What Craft Beer Market’s Expansion to China Means For Canadian Microbreweries Drinking craft beer is becoming increasingly trendy in China, and it’s a great opportunity for Canadian companies By Karin Olafson October 08, 2014 Last week, Craft Beer Market announced a partnership with First Growth Holdings Ltd. to expand across…

What Craft Beer Market’s Expansion to China Means For Canadian Microbreweries

Drinking craft beer is becoming increasingly trendy in China, and it’s a great opportunity for Canadian companies

Last week, Craft Beer Market announced a partnership with First Growth Holdings Ltd. to expand across the Pacific Ocean to Shanghai, China. This location, which is the first of five proposed Craft Beer Markets to open in China, is scheduled to open in 2015.

According to a recent article in Forbes, China consumes more beer than any other country in the world. More than double the number of pints are sold in China than in the USA, and China is well on its way to becoming the world’s largest beer market by 2017. Craft Beer Market isn’t the first Canadian business to make the move into this market: Russell Brewing Company opened in Hefei, China in 2013 with its brewery and two restaurants.

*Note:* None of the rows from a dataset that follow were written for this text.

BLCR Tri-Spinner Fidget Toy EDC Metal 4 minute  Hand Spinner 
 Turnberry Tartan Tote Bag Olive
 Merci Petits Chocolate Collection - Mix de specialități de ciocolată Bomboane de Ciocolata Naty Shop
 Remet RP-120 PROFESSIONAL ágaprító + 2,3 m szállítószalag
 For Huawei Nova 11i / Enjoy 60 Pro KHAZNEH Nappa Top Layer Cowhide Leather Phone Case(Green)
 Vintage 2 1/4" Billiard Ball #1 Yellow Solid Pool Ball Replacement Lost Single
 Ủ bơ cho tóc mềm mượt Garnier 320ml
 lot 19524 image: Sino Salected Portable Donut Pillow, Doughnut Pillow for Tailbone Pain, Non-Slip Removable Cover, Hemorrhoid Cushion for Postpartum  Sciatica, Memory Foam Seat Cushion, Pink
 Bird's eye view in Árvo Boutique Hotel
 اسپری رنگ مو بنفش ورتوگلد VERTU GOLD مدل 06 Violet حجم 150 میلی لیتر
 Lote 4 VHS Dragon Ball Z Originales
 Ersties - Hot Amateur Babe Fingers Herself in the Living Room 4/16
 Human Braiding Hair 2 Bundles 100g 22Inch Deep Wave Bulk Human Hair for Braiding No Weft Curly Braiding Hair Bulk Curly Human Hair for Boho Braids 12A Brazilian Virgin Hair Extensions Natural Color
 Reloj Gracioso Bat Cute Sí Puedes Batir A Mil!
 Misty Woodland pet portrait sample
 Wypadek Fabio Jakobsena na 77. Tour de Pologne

Despite the size of the market, craft beer is still a new trend in China and to say it’s a favourable one is an understatement. While Beijing is home to two breweries and Nanjing is home to one, the Chinese city seeing the biggest surge when it comes to craft beer culture is Shanghai.

The number of craft breweries and shops in Shanghai has almost doubled in the last two years; it’s now possible to find Oregon-made ales and Scottish lagers down Nanjing Road, Shanghai’s main street.

With a growing love for craft beer in China and more microbreweries likely popping up soon in western Canada, more North American breweries see the opportunity to share their beer with the Chinese. And Craft Beer Market is going to deliver with a beer menu that includes a variety of Canadian craft beers that Chinese haven’t had before. The booming Chinese beer-drinking market will be exposed to beers made in smaller-scale breweries, such as Calgary’s Big Rock, Kelowna’s Tree Brewing and Vancouver’s Howe Sound.

PJ L’Heureux, the owner of Craft Beer Market, perfectly sums up the decision. “We are excited to be a part of the growing craft beer scene in China and introduce some great Canadian producers to the market.”